March 29th, 2012 9:01 AM by Mel Samick
With a light economic calendar in hand last week, investors preferred to play it safe and book some profits while pausing to review the slowing global economy. PMI data from Europe was short of investors' expectations, while the Chinese economy points to PMI data on a somewhat downward trajectory. Volatile oil prices, which settled at $106.86 per barrel last week, didn't help the cause either. Talks of a military attack on Iran's nuclear sites subsided in the last couple of weeks and should help to stabilize oil prices. However, gas prices hanging around $4 per gallon will continue to be a big pinch on consumers' wallets.

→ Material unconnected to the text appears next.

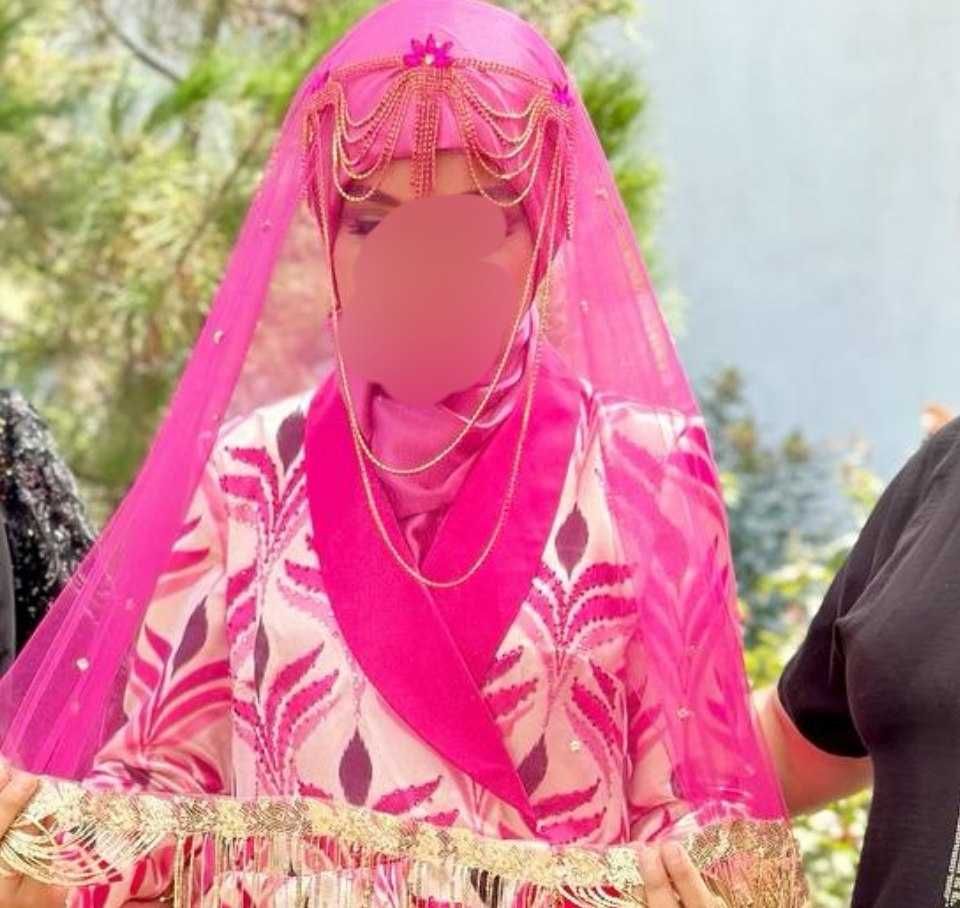 Diadema, Tillaqosh ,zanjir sotiladi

All of the major indices ended up losing ground last week. By week's end, the S&P closed at 1,370 while the Dow ended the trading week at 12,169. As the first quarter of 2012 comes to a close, the S&P and NASDAQ have already gained 11 percent and 17 percent respectively. The tech sector and the financial sector have played a major role and have gained nearly 20 percent for the quarter. The improving labor market continued last week as weekly jobless claims were at 348K, the lowest threshold in the last couple of years. Treasuries were on a roller-coaster ride the entire week, hitting a high of 2.41 percent and a low level of 2.21 before settling at 2.24 by the end of week.

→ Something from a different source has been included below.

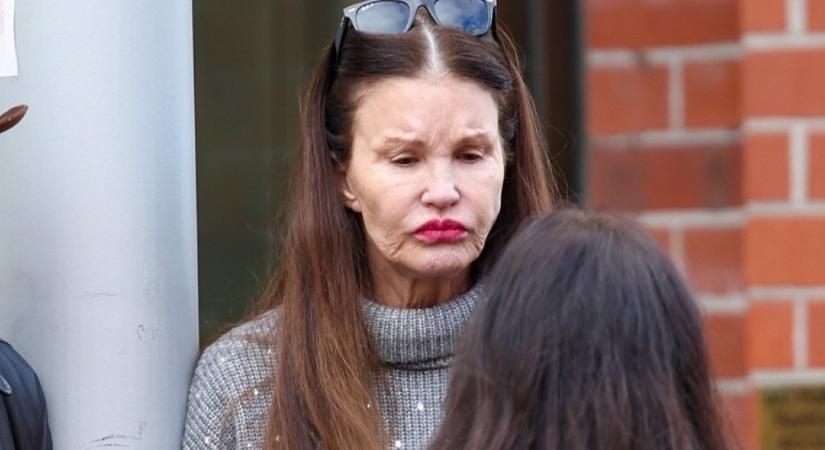 Megrázó képek: íme 6 sztár, akit legyőzött a botox - Fotók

The Housing sector received the major share of economic news last week. The housing data came in more or less in line with investors' expectations. Housing Starts were at an annualized rate of 698,000 units in February, slightly lower than revised previous month's rate, but Building Permits were higher than consensus. New Home Sales for February were down by 1.6 percent, while the inventory level remained unchanged. At the end of the week, the Conforming Fixed 30-year rate leveled out at around 3.85 percent, while the Conforming Fixed 15-year rate finished at around 3.14 percent. Standard 5/1 ARM rates were last seen hovering around 2.8 percent.

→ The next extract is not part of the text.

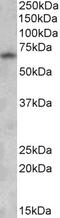 Glutamate Decarboxylase 1 antibody, STJ71805, St John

This week, investors will be busy with heavy economic data as well as closing their books for the first quarter. In other major economic indicators, consumer outlook will be gauged from Consumer Confidence and Consumer Sentiment releases on Tuesday and Friday respectively. Durable Goods Orders on Wednesday, GDP on Thursday and Chicago PMI on Friday will be yet another indication of future economic growth and outlook.